Ementa: IMUNIDADE JURISDIÇÃO. ORGANIZAÇÃO DAS NAÇÕES UNIDAS. MATÉRIA TRABALHISTA. A evolução do direito das gentes, originada pela dinâmica do relacionamento dos Estados soberanos, ensejou a gênese de novas concepções sobre a imunidade absoluta, que não mais prevalece para toda sorte e natureza de atos jurídicos. A prática consuetudinária, pilar do Direito Internacional Público desde a convenção Européia de 1972 vem revelando que os atos de gestão são tuteláveis pela justiça da nação que são praticados. A convenção de Viena, por sua vez, assegura a imunidade aos agentes diplomáticos, e não pessoas jurídicas de direito público externo. Em se tratando de litígio de natureza trabalhista, não há de se falar em imunidade, pelo que é sujeita a organização internacional à jurisdição brasileira. Origem: BJ-JUN 94 - RO 5213-97 – 10ª REGIÃO JULGADO EM 21/07/1998 - PUBLICAÇÃO: DJ DE 31/07/98, SEÇÃO III, PAG. 18 REL. JUIZ JOÃO AMILCAR PAVAN TURMA: 1ª
No mesmo sentido:
"Não há como se falar em imunidade de jurisdição quando tais entes praticam meros atos de gestão, como a contratação de empregados. A imunidade de jurisdição não subsiste mais no panorama internacional, tampouco na jurisprudência de nossas Cortes Trabalhistas, pois se deve levar em conta a natureza do ato motivador da instauração do litígio" (Min. Rel. Aloysio Corrêa da Veiga, AIRR-738.594/2001.6).
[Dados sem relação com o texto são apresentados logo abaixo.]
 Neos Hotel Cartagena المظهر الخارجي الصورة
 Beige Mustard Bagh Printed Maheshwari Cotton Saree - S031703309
No STF a questão foi pacificada em 30 de abril de 2002, quando os Ministros da 2ª turma proferiram decisão, nos autos do Agravo Regimental em Recurso Extraordinário 222.3684/PE, acompanhando por unanimidade, o relatório do Ministro Celso de Melo.
Nos termos dessa decisão as pessoas jurídicas de Direito Público externo estão sujeitas à jurisdição Brasileira em causas trabalhistas, e assim aos Juízes e Tribunais Trabalhistas.
Ademais, unicamente com o escopo de demonstrar a inviabilidade da aplicação da imunidade, verifica-se que esta não se limita unicamente aos organismos internacionais, como já mencionado, mas estende-se aos Estados estrangeiros.
Ementa: IMUNIDADE DE JURISDIÇÃO. RECLAMAÇÃO TRABALHISTA. ESTADO ESTRANGEIRO. Com o advento da Carta Política de mil novecentos e oitenta e oito, ficou reconhecida a submissão do Estado Estrangeiro à autoridade judiciária Trabalhista. O artigo 114, da Constituição da República prevê a competência da Justiça do Trabalho para conciliar e julgar as controvérsias decorrentes de dissídios individuais e coletivos entre trabalhadores e empregadores abrangidos os “entes de direito público externo”. Revista conhecida e provida. Rel. MIN: 107 MINISTRO ALMIR PAZZIANOTTO PINTO Origem: Dia da decisão: 23/02/1995 TRIBUNAL: TST ACÓRDÃO N.º 887 DESCISÃO 23-02-95 PROC: RR N.º 106450 ANO: 1994-TURMA: 04 REGIÃO: 10 UF: DF Tipo do processo: RECURSO DE REVISTA Fonte (Publicação) DJ DATA: 31-03-1995 PG: 08026.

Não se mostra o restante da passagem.